The writer is Dawn’s resident editor in Lahore.

THE current leaders of the various naanbai associations in Pakistan have displayed an unprecedented determination in holding off the official negotiators comprising the deputy commissioners and other government officers otherwise known to ensure the state’s writ in everyday affairs. Or this is the message the hungry masses get from the reports about ‘unsuccessful’ talks between roti and naan makers and the official side that has been trying to keep prices of the favourite staple within reasonable limits.

It has been going on for perhaps a year now? Maybe more if memory serves one right. The price has been on the rise and in accordance with the old formula, the roti has been stealthily shedding its extra pounds. The latest stand-off between the naanbais and their detractors who are equally adamant to deny them their rightful succour can be traced back to the beginning of the year.

This is a tough one to fathom. It is a jumble of threats and promises: threats mostly by the bakers but sometimes by the officials trying to almost coerce these proud tandoor craftsmen with shiny bright foreheads into selling at government rates. Promises, mostly by officials to a public forever ready to queue up at the tandoors for their daily fill of pateeris, khameeris, naans and what not, but sometimes by the naanbais, too, who say they are eager to sell and serve.

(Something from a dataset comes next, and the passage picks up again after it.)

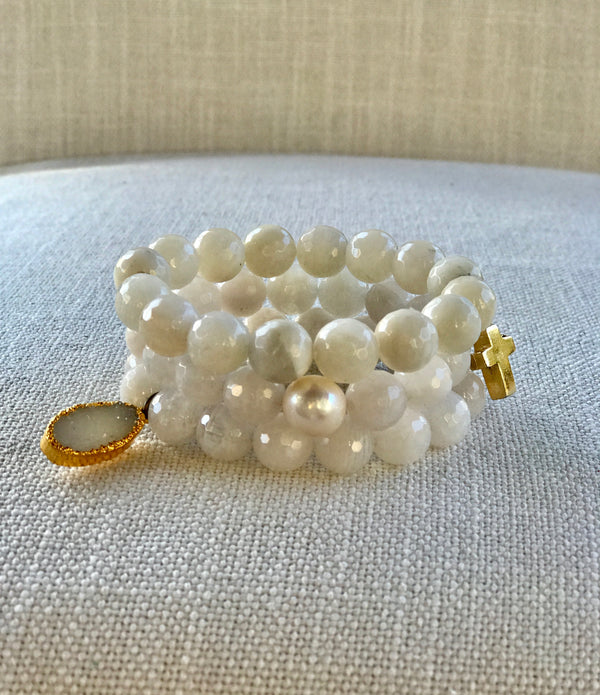 Moonstone and gold stack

Various rates and weights and varieties and qualities have been thrown into the mix in the last six or seven months of apparently intense negotiations. Various regional and geographical angles have come in, such as the one where KP is blaming poor old Punjab for scuttling the supply of flour.

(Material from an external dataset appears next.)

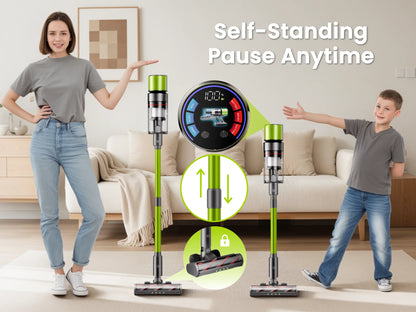 SmartAI V6 80Mins Cordless Vacuum Cleaner 65KPA 650W Powerful Suction Vacuum, 24000mAh Big Battery Vacuum Cleaner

While so much else around the tandoor has changed, some topics of discussion are eternally the same.

There have been stories upon stories about mismanagement and unavoidable situations spiking the prices of wheat and making all these requests and warnings by the government to naanbais look unreasonable. Even when it is to be kept in mind that tandoori rotis have become quite a burden on domestic budgets.

In any case, the issues must be insurmountable for these talks between naanbai associations and the government have been inconclusive so far. Not to forget the wheat scandal which was thrown in somewhere in the middle to complicate things at such a basic unit signifying life in the city — and perhaps villages — in Pakistan.

The debate at the tandoor is unending and it is a tribute to our consistent taste that while so much else around the oven has changed, some topics of discussion are eternally the same. For starters, there’s one buyer who is always in a hurry because he has guests waiting at home, another who is mission-bound to dash back to his kitchen before his curry gets cold and his mum loses her temper.

And yes, the size of the roti and the designs of those who fix prices are an inevitable topic of heated exchange every now and then. At least this is how it has been often at our tandoor or tanoor which, like so many other shops in the same business here in Lahore, is occupied by polite Kashmiris from AJK. They feed us for a few months before they are replaced by a fresh team from home.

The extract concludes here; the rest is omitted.